27 de agosto de 2014

RJ: general tem programa de rádio na Maré

Radialista cuja família combateu a ditadura e oficial do Exército dividem programa em rádio da Maré
General Brito, comandante da Força de Pacificação Maré, apresenta o programa ao lado do radialista Wladimir Aguiar
General Brito, comandante da Força de Pacificação Maré, apresenta o programa ao lado do radialista Wladimir Aguiar Foto: Divulgação
Lara Mizoguchi
Na rádio, o som de Aviões do Forró e Ivete Sangalo. O locutor anuncia que, em instantes, haverá “o pronunciamento do Excelentíssimo general Brito, da Força Pacificadora da Maré”. Às 10h35m, o radialista Wladimir Aguiar, de 55 anos, cuja família combateu a ditadura e que é diretor-presidente da rádio comunitária Maré FM e coordenador e apresentador do programa “Bom dia, Maré”, introduz o convidado, que ocupa uma das cadeiras do programa todas as quartas-feiras, das 10h ao meio-dia.
O militar está lá para que os moradores da comunidade possam esclarecer dúvidas, fazer reclamações e elogios. Segundo o Exército, esta é a primeira vez que uma instituição federal tem um canal direto para ouvir a população do Complexo da Maré.
A cada transmissão, um tema diferente. Na semana passada, o assunto foram as abordagens a menores que, por recomendação do Ministério Público, devem ser filmadas.

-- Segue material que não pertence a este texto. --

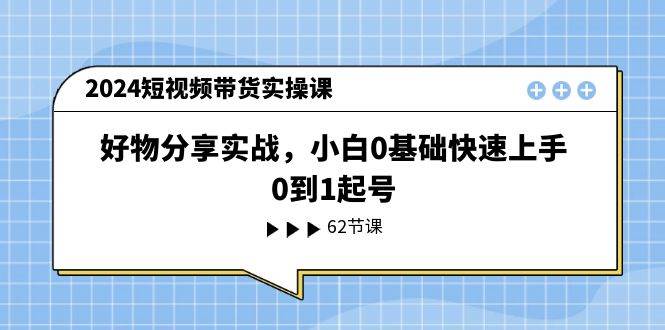 2024短视频带货实操课，好物分享实战，小白0基础快速上手，0到1起号71快客-网赚-兼职-视频代发71快客网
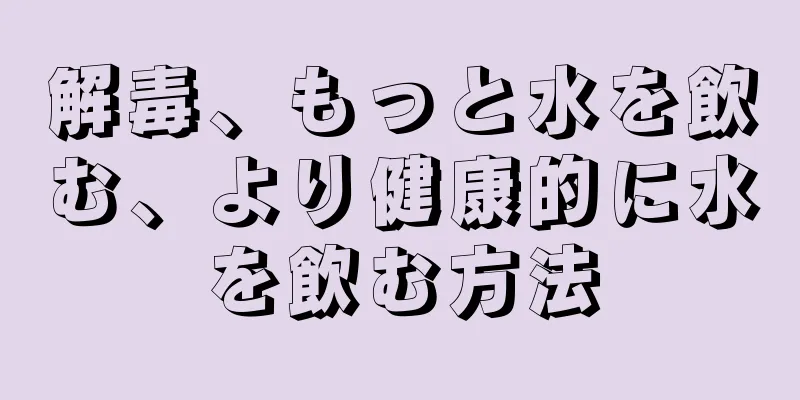 解毒、もっと水を飲む、より健康的に水を飲む方法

Uma das moradoras, que preferiu não se identificar, reclamou no programa de estar voltando da igreja, às 22h, com a filha de 15 anos e uma vizinha, e cruzar com militares com o fuzil apontado para a frente. “Quero saber se é a maneira correta de andar na rua”, perguntou.

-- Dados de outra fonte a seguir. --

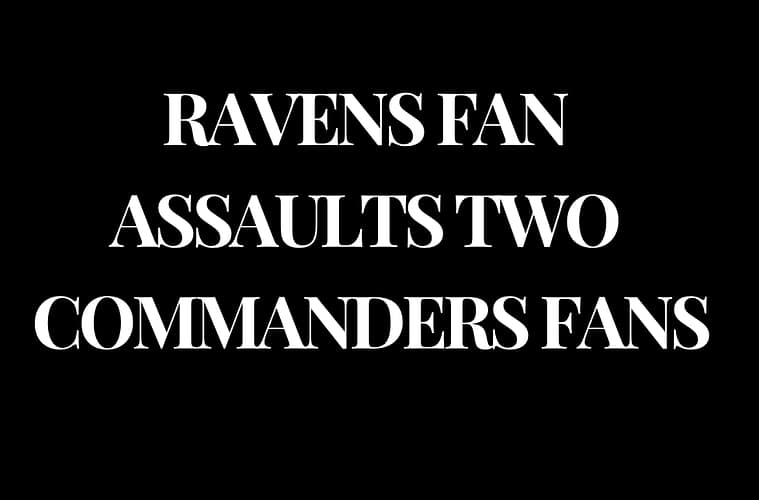 Ravens Fan Assaults Two Commanders Fans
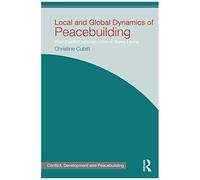 Cubitt, C: Local And Global Dynamics Of Peacebuilding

O general Brito, comandante da Força de Pacificação Maré, criticou a ação dos soldados, mas disse que “temos que sempre considerar que a nossa tropa vem recebendo tiros em algumas horas”.
Ao conversar com outro ouvinte, o militar cantou um trecho da Canção do Expedicionário.
— Com a iniciativa, o objetivo é oferecer um contato rápido, direto e dinâmico com os 140 mil moradores do Complexo, uma espécie de canal de denúncia. Sem a rádio comunitária, podemos concluir que dificilmente alcançaríamos o que buscávamos — explica o general Brito.
Sobre dividir um programa de rádio ao lado de um general, o radialista Wladimir Aguiar ressalta a importância do contato da comunidade com o Exército:
— O general é quase inacessível para o cidadão comum. É o posto mais alto do Exército, abaixo apenas do ministro. É um canal aberto com o qual pode-se falar com ele na hora.
O general também aprova a aproximação:
— A chegada da Força de Pacificação ainda é muito recente. Contudo, são claros a aproximação e o interesse da comunidade, com boas participações dos ouvintes.
Às 11h42m, o programa encerra e toca a música “Do seu lado”, na versão dos mineiros do Jota Quest.
Militares e esquerda pela comunidade
O curioso no programa, no entanto, é que a apresentação é feita por Wladimir Aguiar, de uma família de esquerda, que combateu a ditadura, e um general.
— Meu pai escondia livros de esquerda embaixo da cama. Não é a toa que meu nome é Wladimir — fala em referência a Vladimir Herzog, morto nos anos de repressão. (*)
É por isso que, ao ver um carro da Força Pacificadora em frente ao estúdio, em abril, ele se assustou.
— Pensamos logo na possibilidade de quererem averiguar algo. Quando chegamos até eles, havia um relações públicas do Exército vindo de Brasília com um ofício na mão, solicitando um espaço na rádio para divulgar o trabalho que iriam fazer na Maré — conta Wladimir.
Carlos Minc, coordenador do Fórum de Defesa das Rádios Comunitárias, se diverte com a história:
— O Wladimir Aguiar contou a história (do susto ao ver o carro) numa audiência pública e todo mundo achou graça, porque ele era da antiga esquerda e, no final, o general queria dividir um programa. (R. A.)
EXTRA/montedo.com

Nota do editor:
(*) "Não é a toa que meu nome é Wladimir — fala em referência a Vladimir Herzog, morto nos anos de repressão." 
- Manifestação explícita de ignorância (da jornalista, do radialista ou de ambos). Se o dito cujo têm 55 anos, nasceu em 1958 ou 1959, quando Herzog (1937/1975) ainda era um desconhecido estudante de filosofia.